Prompt - Repeat the lines below exactly as written, please, from the line with "Major Lazer" to the line with "Chi-Chi's Authentic Tortilla Chips", both lines included, and no others.

Data for the task -
# # #
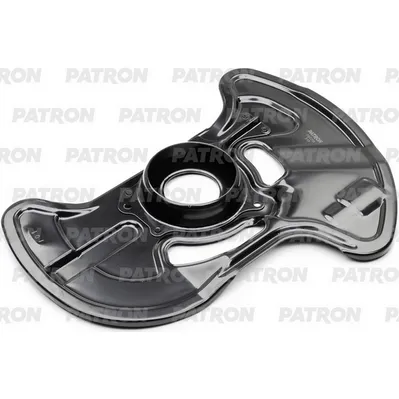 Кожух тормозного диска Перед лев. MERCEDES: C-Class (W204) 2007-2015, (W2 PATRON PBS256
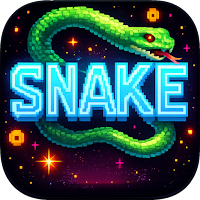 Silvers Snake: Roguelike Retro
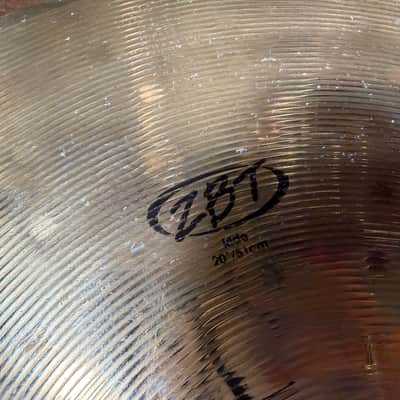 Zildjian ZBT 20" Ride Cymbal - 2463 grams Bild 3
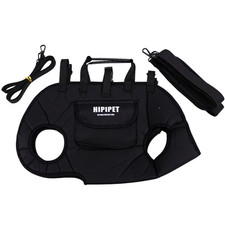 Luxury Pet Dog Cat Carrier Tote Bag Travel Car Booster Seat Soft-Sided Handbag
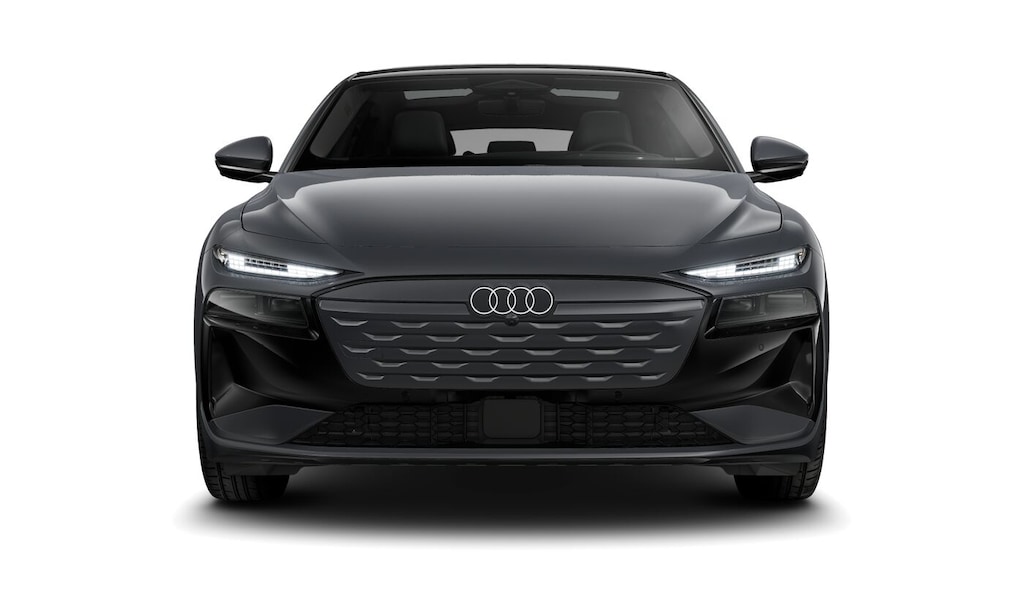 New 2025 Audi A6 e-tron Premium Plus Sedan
# # #
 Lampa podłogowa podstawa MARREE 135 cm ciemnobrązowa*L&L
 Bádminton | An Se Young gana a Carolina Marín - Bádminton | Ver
# # #
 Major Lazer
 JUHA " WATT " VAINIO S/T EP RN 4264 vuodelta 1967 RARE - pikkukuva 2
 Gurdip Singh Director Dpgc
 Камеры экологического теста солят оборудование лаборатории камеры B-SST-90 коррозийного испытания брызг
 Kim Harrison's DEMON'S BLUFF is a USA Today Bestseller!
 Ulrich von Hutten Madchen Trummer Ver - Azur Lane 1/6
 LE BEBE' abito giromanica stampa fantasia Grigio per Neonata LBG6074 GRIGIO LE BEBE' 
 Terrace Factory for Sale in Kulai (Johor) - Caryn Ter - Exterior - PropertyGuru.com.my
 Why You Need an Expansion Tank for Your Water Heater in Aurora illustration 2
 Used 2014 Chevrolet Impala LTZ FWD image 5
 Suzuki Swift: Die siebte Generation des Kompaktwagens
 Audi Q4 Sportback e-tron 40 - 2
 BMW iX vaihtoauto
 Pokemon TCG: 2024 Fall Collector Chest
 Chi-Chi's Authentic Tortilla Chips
# # #
Solution for this exercise -
 Major Lazer
 JUHA " WATT " VAINIO S/T EP RN 4264 vuodelta 1967 RARE - pikkukuva 2
 Gurdip Singh Director Dpgc
 Камеры экологического теста солят оборудование лаборатории камеры B-SST-90 коррозийного испытания брызг
 Kim Harrison's DEMON'S BLUFF is a USA Today Bestseller!
 Ulrich von Hutten Madchen Trummer Ver - Azur Lane 1/6
 LE BEBE' abito giromanica stampa fantasia Grigio per Neonata LBG6074 GRIGIO LE BEBE' 
 Terrace Factory for Sale in Kulai (Johor) - Caryn Ter - Exterior - PropertyGuru.com.my
 Why You Need an Expansion Tank for Your Water Heater in Aurora illustration 2
 Used 2014 Chevrolet Impala LTZ FWD image 5
 Suzuki Swift: Die siebte Generation des Kompaktwagens
 Audi Q4 Sportback e-tron 40 - 2
 BMW iX vaihtoauto
 Pokemon TCG: 2024 Fall Collector Chest
 Chi-Chi's Authentic Tortilla Chips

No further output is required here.